Search code examples
pythonpandasdataframedata-analysis

Most efficient way to determine average # ordered per item per day in Python


I am new to Python and have a large dataset (over 55,000 rows to be exact) in a dataframe with columns UPC, quantity_picked, and date. I am trying to determine the most efficient way to calculate the average quantity picked per UPC per day. Is there a way that this can be done more efficiently than using nested loops?

I have tried the .mean approach but of course it only provides the average quantity picked per UPC per order. I have also tried implementing .groupby().

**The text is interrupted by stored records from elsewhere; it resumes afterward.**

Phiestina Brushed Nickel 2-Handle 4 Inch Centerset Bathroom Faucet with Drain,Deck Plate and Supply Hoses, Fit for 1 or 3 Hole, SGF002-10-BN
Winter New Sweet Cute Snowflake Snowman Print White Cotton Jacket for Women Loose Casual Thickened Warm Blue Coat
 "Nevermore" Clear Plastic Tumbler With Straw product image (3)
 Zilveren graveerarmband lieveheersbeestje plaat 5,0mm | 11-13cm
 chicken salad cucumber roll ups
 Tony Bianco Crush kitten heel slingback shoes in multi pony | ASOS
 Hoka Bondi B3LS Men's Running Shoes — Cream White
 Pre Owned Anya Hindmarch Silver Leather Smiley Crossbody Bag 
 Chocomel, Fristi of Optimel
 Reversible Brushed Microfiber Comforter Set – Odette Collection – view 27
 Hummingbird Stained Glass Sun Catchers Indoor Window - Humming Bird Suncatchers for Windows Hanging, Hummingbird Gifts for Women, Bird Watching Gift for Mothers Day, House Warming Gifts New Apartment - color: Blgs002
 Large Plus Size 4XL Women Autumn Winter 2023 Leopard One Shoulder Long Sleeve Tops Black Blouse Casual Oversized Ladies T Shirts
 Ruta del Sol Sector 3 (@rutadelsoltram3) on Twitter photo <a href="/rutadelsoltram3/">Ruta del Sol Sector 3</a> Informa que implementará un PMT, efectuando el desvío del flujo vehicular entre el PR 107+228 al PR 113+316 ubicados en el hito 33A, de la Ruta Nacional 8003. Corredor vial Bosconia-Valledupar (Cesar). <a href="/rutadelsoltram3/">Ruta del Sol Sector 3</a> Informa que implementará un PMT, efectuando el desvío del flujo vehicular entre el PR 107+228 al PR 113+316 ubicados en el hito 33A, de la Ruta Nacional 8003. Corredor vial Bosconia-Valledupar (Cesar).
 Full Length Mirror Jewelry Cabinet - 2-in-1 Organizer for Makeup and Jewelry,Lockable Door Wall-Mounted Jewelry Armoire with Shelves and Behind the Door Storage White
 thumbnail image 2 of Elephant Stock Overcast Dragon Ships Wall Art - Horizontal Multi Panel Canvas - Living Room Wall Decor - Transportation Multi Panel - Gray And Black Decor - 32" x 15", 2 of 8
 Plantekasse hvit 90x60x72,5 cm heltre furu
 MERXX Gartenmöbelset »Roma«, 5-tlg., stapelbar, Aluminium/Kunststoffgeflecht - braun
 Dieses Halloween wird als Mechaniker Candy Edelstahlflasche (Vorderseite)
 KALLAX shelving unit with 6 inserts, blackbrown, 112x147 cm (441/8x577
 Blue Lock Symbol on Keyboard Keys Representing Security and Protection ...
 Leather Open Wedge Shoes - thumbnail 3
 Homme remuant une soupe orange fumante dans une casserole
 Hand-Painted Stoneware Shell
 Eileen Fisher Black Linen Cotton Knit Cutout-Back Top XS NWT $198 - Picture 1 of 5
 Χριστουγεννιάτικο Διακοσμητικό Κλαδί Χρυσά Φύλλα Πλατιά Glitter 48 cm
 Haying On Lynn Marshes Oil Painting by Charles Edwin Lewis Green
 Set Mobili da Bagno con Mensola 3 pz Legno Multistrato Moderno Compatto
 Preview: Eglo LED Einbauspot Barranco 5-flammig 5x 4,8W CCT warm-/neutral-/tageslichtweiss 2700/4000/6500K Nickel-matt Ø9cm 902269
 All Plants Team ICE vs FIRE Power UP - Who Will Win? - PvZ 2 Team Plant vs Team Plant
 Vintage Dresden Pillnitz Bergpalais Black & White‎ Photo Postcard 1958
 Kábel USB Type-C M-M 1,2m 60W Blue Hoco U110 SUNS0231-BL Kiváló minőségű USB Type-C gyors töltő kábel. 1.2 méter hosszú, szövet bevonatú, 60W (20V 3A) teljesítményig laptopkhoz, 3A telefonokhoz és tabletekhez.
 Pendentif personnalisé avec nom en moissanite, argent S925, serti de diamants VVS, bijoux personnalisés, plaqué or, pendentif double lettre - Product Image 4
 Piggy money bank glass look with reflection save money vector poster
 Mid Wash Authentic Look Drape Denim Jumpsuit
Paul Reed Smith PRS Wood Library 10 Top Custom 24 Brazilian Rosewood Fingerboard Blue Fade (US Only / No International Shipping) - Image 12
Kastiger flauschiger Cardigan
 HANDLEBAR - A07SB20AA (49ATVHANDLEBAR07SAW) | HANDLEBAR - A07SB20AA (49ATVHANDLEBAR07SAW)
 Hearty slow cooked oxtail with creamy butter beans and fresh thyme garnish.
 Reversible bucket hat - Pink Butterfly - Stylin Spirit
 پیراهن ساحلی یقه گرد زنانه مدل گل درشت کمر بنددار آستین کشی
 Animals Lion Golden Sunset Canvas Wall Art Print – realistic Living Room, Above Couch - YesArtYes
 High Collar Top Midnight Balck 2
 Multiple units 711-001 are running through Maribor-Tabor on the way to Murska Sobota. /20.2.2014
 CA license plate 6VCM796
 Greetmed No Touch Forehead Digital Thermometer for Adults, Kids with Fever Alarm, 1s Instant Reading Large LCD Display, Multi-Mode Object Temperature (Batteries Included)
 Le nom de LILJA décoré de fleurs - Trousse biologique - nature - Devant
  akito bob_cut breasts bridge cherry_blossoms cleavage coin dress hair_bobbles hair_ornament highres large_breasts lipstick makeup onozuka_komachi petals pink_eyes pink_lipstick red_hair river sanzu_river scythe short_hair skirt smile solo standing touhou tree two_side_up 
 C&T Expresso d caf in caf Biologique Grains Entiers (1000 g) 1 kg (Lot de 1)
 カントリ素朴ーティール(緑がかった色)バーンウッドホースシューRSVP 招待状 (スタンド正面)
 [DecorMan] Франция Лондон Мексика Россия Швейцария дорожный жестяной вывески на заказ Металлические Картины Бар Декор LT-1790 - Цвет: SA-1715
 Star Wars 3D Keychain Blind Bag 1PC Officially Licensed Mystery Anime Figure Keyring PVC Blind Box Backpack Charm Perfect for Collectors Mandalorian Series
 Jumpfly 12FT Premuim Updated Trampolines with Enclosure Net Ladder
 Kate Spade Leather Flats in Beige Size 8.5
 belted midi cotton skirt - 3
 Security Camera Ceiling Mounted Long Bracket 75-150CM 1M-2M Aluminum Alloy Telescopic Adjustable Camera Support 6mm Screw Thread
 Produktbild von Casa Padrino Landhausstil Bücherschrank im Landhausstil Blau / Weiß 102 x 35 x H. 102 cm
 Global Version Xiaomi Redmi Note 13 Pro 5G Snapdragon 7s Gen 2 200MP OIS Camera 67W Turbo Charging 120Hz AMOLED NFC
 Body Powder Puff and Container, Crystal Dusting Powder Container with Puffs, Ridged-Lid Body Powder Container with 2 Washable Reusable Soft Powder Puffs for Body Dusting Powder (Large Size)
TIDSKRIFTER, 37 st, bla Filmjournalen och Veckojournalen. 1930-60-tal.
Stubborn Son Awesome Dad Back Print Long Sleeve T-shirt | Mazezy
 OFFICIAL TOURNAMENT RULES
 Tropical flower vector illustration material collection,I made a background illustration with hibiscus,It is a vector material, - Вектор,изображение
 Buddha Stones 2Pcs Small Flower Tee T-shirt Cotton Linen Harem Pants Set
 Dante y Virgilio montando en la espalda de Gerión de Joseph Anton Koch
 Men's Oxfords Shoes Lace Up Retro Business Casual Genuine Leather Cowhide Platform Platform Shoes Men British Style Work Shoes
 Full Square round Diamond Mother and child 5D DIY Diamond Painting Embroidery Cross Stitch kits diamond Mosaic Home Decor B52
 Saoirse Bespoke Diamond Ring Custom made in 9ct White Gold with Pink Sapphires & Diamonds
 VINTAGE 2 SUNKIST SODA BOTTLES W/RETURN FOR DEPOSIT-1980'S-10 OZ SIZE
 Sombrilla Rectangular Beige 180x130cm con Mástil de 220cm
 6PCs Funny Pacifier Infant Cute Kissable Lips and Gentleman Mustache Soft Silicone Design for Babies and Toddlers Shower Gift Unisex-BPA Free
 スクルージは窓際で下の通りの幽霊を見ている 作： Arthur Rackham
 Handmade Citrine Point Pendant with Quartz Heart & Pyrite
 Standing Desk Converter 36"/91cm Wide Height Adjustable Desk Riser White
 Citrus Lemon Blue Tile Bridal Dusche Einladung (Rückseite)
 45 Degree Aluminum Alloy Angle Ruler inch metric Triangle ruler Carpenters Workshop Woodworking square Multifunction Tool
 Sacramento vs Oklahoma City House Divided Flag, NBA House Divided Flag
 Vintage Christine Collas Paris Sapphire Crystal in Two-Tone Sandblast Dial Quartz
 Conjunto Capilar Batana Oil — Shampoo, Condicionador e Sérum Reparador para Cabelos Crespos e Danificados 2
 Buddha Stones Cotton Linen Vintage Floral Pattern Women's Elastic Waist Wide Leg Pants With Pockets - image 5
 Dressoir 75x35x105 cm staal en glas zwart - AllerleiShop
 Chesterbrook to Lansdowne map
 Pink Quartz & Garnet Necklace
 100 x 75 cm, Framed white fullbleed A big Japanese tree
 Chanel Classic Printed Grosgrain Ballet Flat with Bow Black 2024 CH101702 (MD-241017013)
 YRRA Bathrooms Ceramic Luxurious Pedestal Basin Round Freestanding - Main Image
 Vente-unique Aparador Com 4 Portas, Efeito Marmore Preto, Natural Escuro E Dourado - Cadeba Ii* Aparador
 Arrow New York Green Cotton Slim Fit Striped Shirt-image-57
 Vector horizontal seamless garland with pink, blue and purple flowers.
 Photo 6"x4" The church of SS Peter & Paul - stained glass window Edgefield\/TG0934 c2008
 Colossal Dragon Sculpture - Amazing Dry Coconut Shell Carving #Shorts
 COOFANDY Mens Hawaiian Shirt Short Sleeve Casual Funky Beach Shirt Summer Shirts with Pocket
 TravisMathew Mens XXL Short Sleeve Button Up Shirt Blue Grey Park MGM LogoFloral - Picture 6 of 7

practice_df_by_UPC = practice_df.groupby('UPC')
print(practice_df_by_UPC)

I receive no error but no output either.

I am wanting an output that will allow me to see the average number of items picked by UPC per day. Is there a way to do this for dataframes that I'm not finding that is more efficient, or is a set of nested loops the way to go?


Solution

  • After switching out groupby with set_index and doing some extra troubleshooting, the following code resolved the issue and accomplished the goal of determining the average quantity for a specified UPC and date (example UPC and date plugged in):

    #creating multi-index based on date and UPC
    practice_df.set_index(['date_expected', 'UPC'], inplace=True)
    
    print('Mean:')
    print(practice_df.loc['2019-05-15', '0000000004011'].mean())
    

    The inplace=True addition got rid of the remaining error. While printing the dataframe it is now multi indexed organized first by date, then by UPC.